*RECORDED INFORMATION:*
—————
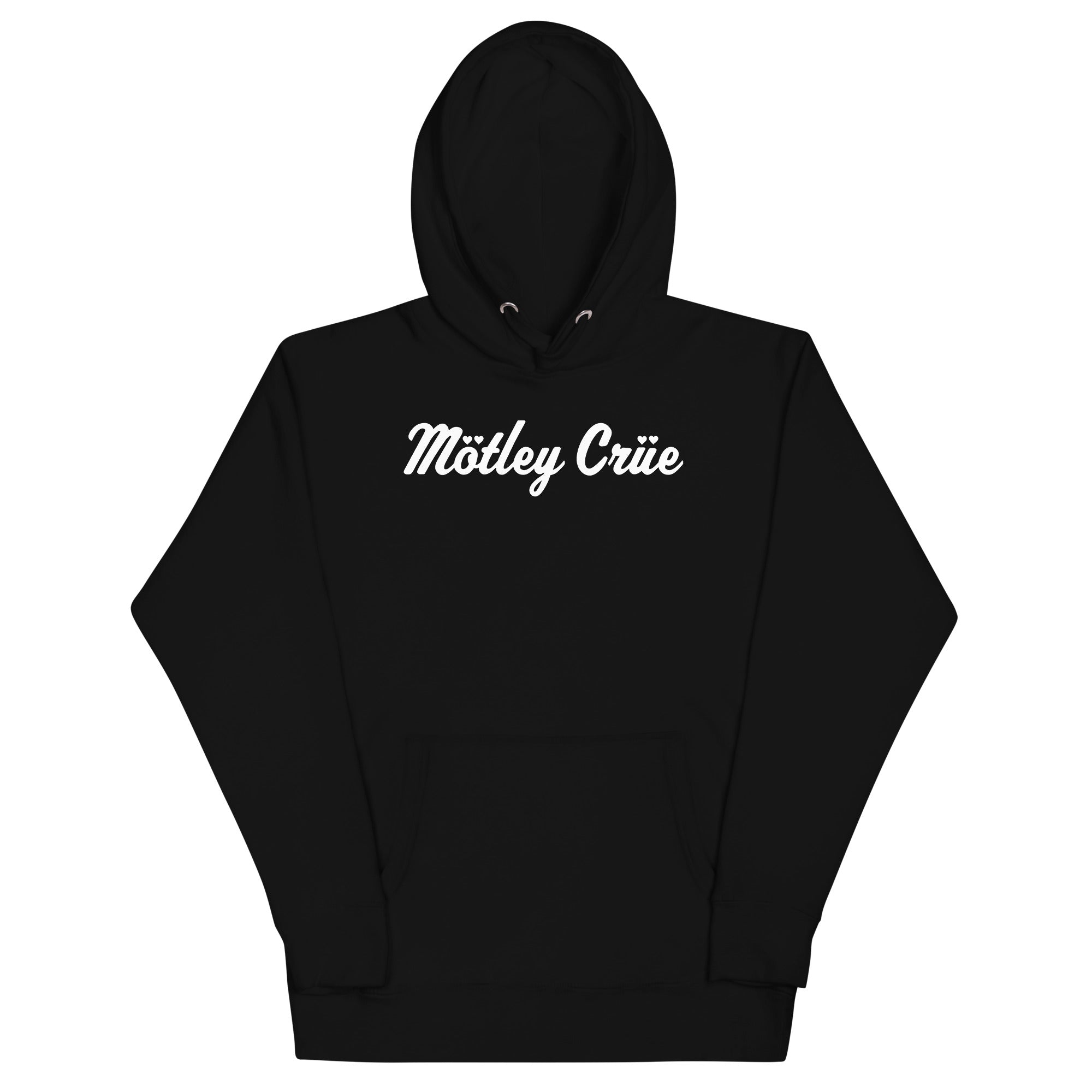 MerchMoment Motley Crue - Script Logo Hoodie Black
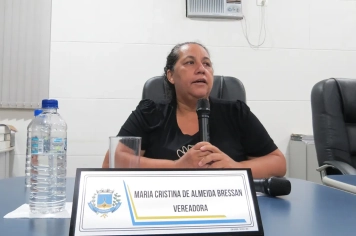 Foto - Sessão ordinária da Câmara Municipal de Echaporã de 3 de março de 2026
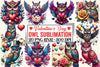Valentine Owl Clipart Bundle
—————
*AIM OF THE EXERCISE:* Once more, please print all the lines above exactly, without their pictures.

*TASK OUTPUT:*
 MerchMoment Motley Crue - Script Logo Hoodie Black
 Foto - Sessão ordinária da Câmara Municipal de Echaporã de 3 de março de 2026
Valentine Owl Clipart Bundle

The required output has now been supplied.